Only 10% of Banks Achieve Measurable AI Revenue Gains, Dyna.Ai Report Finds

  • Dyna.Ai's report finds only 10% of banks using agentic AI see significant, measurable ROI.
  • Banks operationalizing AI personalization achieve up to 6% revenue uplift in BFSI sector.
  • BFSI AI spend projected to surge over 10x from $35B in 2023 to $368B by 2032.
  • DBS Singapore generated $565M from 350 AI use cases in 2024, targeting $745M by 2025.
  • Financial institutions are adopting Results-as-a-Service model for AI deployments.

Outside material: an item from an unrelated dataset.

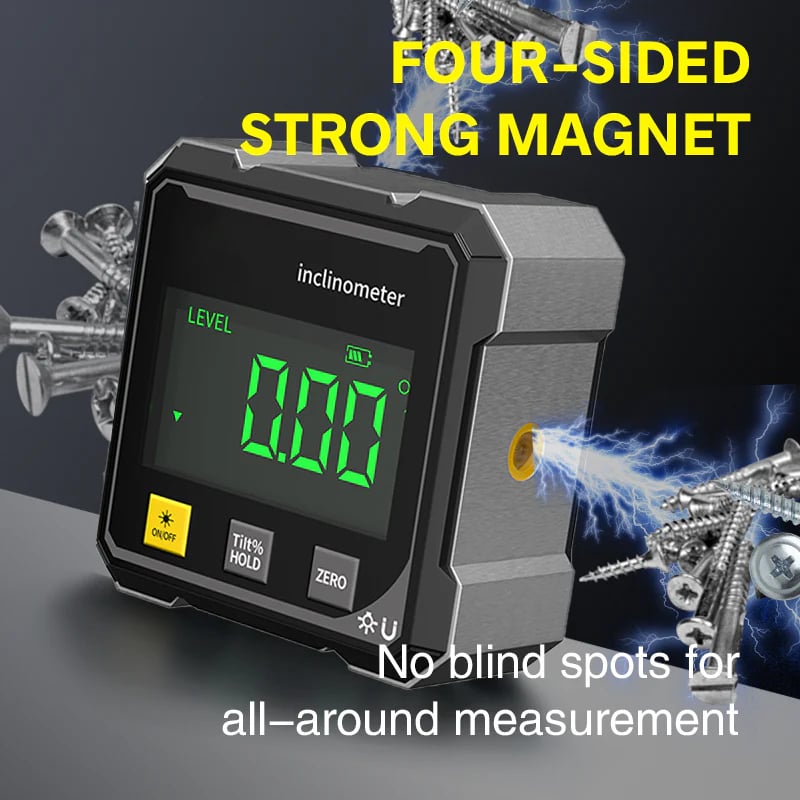 ✨4-puoleinen magneettinen digitaalinen kulmamittari, jossa on laser📐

The report highlights a stark gap between AI investment and revenue generation in banking, with only a small fraction of institutions successfully scaling AI beyond pilots. This trend underscores the strategic importance of moving from experimentation to production-scale deployment with clear accountability for measurable outcomes. The projected surge in BFSI AI spend to $368B by 2032 suggests that success will be determined by those who can operationalize AI effectively, not just those with the most pilots.

Execution Risk
Whether banks can sustain AI revenue gains beyond pilot phases.
Regional Dynamics
How Southeast Asia, Middle East, and Latin America differ in AI adoption.
Partnership Models
The pace at which Results-as-a-Service model gains traction.